Em meio a este movimento, uma das maiores idealizações tomou forma: a Casa da Mulher Alagoana Nise da Silveira. Inau­gurada em 2021, a instituição é resultado de uma série de escu­tas a movimentos de mulheres e entidades vinculadas aos seus di­reitos, ao longo de todo o ano de 2020, quando Tutmés Airan ocu­pava a presidência do Tribunal de Justiça.

“Foi possível compreender, a partir das demandas socializadas pelas próprias mulheres, a ne­cessidade de um local que agluti­nasse acolhimento humanizado e completo para as vítimas de vio­lência doméstica, com assistência rápida e efetivamente protetiva”.

Hoje registrando o marco de 2 mil mulheres atendidas, a Casa da Mulher Alagoana vem se co­locado enquanto referência na­cional, com atendimento psicos­social, delegacia especializada, juizado de Violência Doméstica e Familiar contra a Mulher da Ca­pital, além de disponibilização de Defensoria Pública, abrigo tempo­rário, brinquedoteca e programas sociais do Executivo que priori­zam mulheres.

“A Casa da Mulher Alagoana, além de resultante de um esfor­ço conjunto do Poder Judiciário junto às entidades, representa uma compreensão muito forte so­bre como essas mobilizações por um bem maior se potencializam quando unimos as forças.
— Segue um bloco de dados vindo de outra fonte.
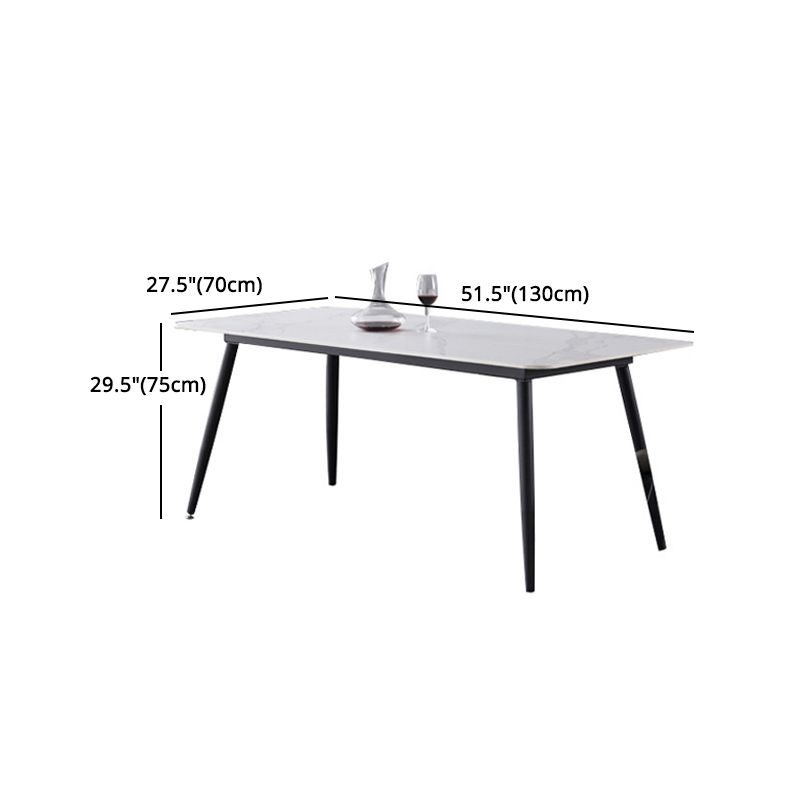 Modern Metal Dining Set 1/2/5/6/7 Pieces Rectangle Dining Table Set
É essen­cial para conseguirmos resultados transformadores e que impactam concretamente na vida das mu­lheres, a partir de suas necessi­dades, demandadas individual ou coletivamente”.

NOVOS CAMINHOS

No que depender deste cami­nho, a peleja ainda deverá render mais alguns resultados – desta vez também de amadurecimento coletivo na instituição em que o desembargador tem trabalhado para construir suas “mudanças irreversíveis”. Através da Coor­denadoria da Mulher, tem se re­unido junto a um time de juízas comprometidas com a iniciativa de capilarizar os direitos das mu­lheres em todo o sistema judiciá­rio – que vai, inclusive, para além das portas do Tribunal.
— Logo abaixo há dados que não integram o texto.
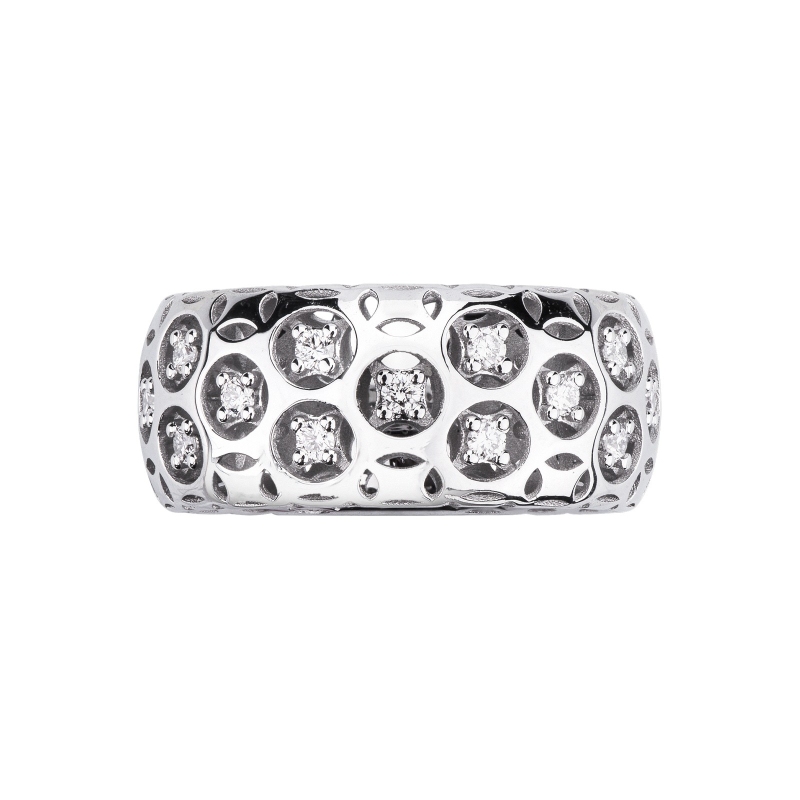 Bague à jonc ajouré en or blanc 18k avec diamants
Outras missões também estão na iminência de serem alcança­das, como a instalação da Ouvi­doria da Mulher, que já prome­te ser mais uma ponte junto ao Poder Judiciário. “Mais espaços para ouvir significam também mais possibilidades de mudan­ças reais. Além disso, com mais mulheres no Poder Judiciário e no Sistema de Justiça, temos as melhores oportunidades para que essa transformação se man­tenha sólida em todos os lugares onde tenhamos influência sobre o impacto. Agora, como homem e dentro das funções que exerço, me resta participar ativamente desta revirada necessária de valores”, disse Tutmés Airan.